Exercise data:
· · · · ·

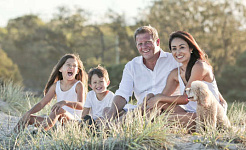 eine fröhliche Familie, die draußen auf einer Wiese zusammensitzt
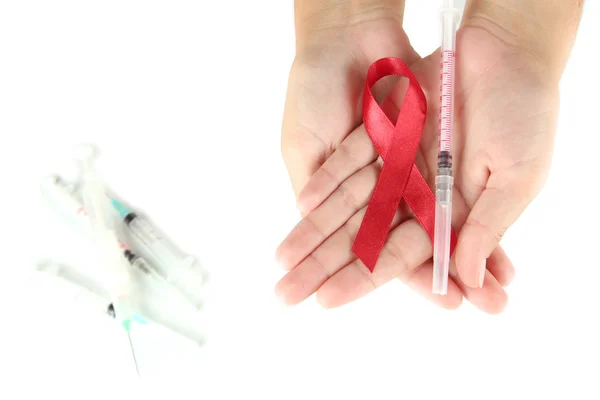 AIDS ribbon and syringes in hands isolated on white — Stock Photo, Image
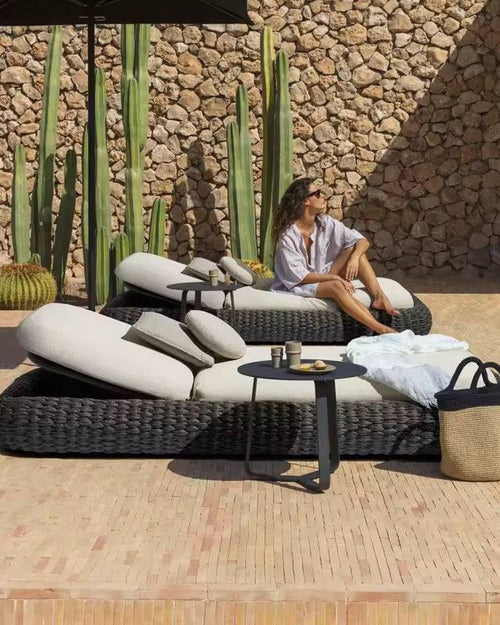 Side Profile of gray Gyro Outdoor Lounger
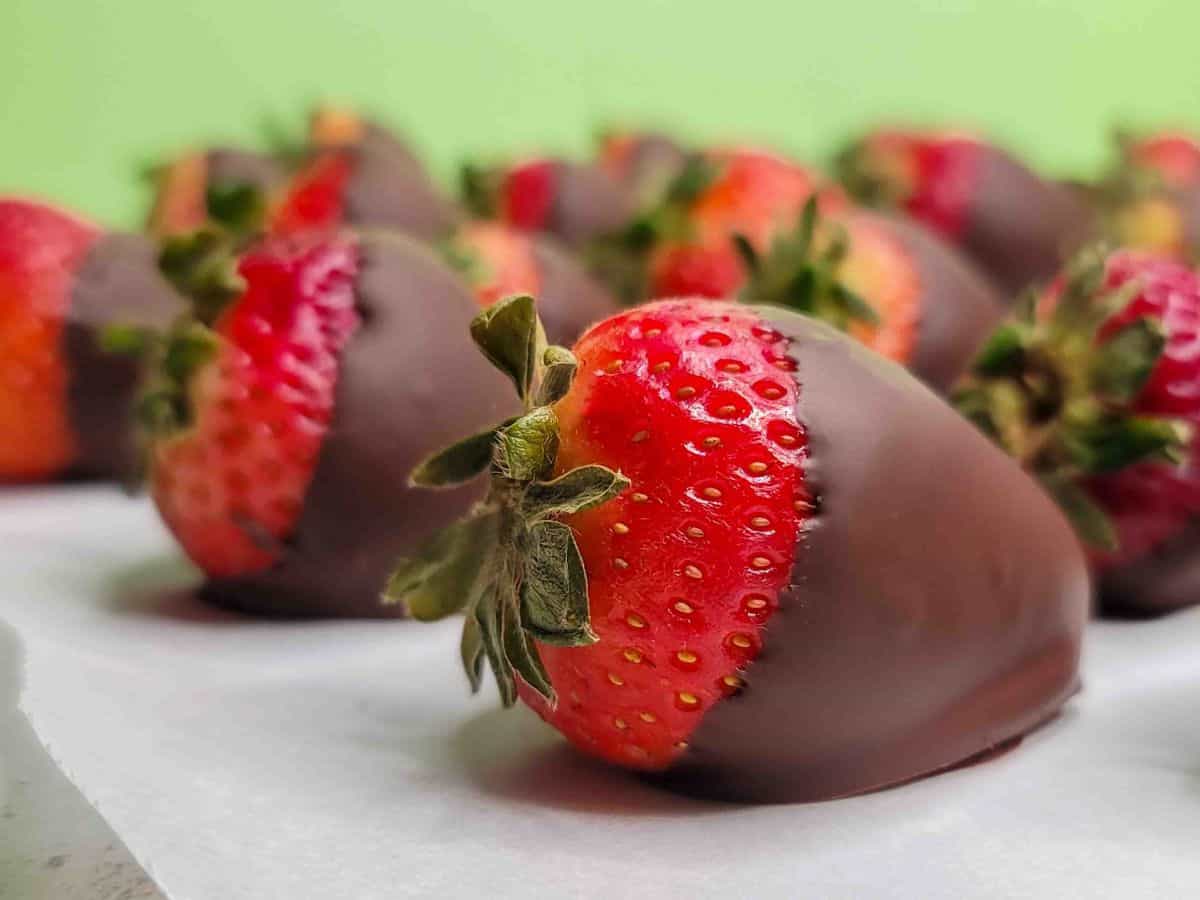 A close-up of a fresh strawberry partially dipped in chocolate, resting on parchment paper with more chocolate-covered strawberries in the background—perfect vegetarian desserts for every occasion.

· · · · ·

Task objective:
The output should hold only the lines from the one containing "Side Profile of gray Gyro Outdoor Lounger" through the last line of the listing, reproduced exactly, pictures omitted.

Answer below:
 Side Profile of gray Gyro Outdoor Lounger
 A close-up of a fresh strawberry partially dipped in chocolate, resting on parchment paper with more chocolate-covered strawberries in the background—perfect vegetarian desserts for every occasion.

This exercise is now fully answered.